La relation de Katia à son père, malgré la distance, est forte, voire démesurée. Avoir un père mercenaire, charismatique, médiatique – qui lui envoie les tontons en « backup » pour veiller au bien-être de la petite du boss – lui donne un sentiment de toute-puissance, d’invincibilité, d’immortalité. « Même après l’adolescence, il voulait rester mon héros et j’ai joué le jeu à fond. L’Œdipe a fonctionné très très longtemps. Cela allait me coûter des années d’analyse. Parce que, lorsque votre père vous laisse croire qu’il vous offre une île, qu’il vous pose une couronne de corail sur la tête et vous place un spectre de nacre dans la main droite, vous allez passer le reste de votre vie à faire payer aux autres hommes de ne pas en faire autant. »

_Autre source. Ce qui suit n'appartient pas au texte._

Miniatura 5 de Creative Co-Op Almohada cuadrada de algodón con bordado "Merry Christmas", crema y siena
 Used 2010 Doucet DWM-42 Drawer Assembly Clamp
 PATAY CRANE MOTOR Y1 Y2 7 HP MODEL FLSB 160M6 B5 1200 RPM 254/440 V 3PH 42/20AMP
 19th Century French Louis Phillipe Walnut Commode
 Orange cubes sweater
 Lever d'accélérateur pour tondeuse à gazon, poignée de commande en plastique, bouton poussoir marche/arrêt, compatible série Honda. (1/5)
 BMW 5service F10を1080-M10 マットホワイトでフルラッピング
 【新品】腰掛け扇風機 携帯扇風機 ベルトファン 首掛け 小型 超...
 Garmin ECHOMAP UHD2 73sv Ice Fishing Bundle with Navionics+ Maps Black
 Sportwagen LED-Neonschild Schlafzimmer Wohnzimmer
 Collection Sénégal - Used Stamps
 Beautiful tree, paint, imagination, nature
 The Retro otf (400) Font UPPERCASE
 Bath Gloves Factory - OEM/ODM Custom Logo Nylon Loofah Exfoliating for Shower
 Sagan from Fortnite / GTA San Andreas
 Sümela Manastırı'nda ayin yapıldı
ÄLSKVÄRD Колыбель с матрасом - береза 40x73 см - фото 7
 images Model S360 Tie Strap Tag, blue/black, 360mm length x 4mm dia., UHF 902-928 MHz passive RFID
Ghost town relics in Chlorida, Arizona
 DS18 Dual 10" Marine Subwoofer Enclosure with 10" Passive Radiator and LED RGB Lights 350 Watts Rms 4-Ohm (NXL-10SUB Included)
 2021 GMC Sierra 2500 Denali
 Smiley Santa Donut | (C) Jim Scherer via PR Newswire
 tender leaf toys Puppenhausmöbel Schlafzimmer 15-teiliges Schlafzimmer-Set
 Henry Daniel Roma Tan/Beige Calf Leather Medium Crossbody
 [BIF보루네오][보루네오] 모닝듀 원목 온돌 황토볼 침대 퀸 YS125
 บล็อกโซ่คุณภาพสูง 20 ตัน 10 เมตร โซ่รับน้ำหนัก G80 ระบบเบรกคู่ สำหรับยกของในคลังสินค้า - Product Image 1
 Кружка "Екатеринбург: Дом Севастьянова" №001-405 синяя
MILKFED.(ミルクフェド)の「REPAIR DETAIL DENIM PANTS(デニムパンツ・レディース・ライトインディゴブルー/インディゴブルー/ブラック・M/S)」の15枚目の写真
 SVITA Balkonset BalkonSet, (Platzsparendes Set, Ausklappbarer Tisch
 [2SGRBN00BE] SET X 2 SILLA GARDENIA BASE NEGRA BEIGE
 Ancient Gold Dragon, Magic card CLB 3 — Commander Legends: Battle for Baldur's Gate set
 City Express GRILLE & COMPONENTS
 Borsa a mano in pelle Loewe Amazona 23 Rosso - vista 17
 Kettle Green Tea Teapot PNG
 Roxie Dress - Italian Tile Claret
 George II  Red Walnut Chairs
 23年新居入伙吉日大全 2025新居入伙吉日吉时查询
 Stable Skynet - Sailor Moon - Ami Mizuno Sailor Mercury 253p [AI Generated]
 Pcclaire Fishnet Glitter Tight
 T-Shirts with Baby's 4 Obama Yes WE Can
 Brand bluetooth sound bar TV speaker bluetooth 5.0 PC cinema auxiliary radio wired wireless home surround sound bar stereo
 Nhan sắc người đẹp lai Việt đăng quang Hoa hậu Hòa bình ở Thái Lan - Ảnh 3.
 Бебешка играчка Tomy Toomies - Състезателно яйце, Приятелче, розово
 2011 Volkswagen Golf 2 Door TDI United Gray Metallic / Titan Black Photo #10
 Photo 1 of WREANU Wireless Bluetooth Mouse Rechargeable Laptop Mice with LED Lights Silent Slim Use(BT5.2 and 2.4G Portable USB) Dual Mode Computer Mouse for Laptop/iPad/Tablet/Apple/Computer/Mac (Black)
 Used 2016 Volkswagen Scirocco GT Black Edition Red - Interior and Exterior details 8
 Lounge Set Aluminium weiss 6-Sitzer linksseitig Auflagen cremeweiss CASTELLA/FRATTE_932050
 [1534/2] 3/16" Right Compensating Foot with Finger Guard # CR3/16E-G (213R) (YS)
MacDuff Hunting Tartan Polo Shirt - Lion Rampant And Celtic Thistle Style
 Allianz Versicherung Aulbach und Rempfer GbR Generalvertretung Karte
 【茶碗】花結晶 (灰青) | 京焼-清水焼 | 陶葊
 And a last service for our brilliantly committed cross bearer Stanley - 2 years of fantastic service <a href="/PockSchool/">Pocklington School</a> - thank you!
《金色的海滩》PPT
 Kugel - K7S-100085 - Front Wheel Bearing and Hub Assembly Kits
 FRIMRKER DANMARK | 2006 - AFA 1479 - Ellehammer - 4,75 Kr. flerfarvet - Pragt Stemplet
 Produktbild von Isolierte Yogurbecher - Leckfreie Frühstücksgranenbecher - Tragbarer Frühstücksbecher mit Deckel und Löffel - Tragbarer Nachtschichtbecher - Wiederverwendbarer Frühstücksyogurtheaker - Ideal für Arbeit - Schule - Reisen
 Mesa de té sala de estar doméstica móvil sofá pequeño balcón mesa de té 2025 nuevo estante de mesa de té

Filles de... ou la gloire de mon père
Bob Denard, illustre “barbouze“ de la Vè République
Fille de guerrier, elle revêtait son armure dès que les médias « salissait » son père. Dire du mal de lui, c’était dire du mal d’elle… en pire. Elle était en souffrance permanente, voulait réparer, laver le sang qui coulait, redorer le blason, non pas de ce « barbouze », ce « chien de guerre » comme l’appelaient les journalistes, mais de cet aventurier, de ce bon père, si affectueux…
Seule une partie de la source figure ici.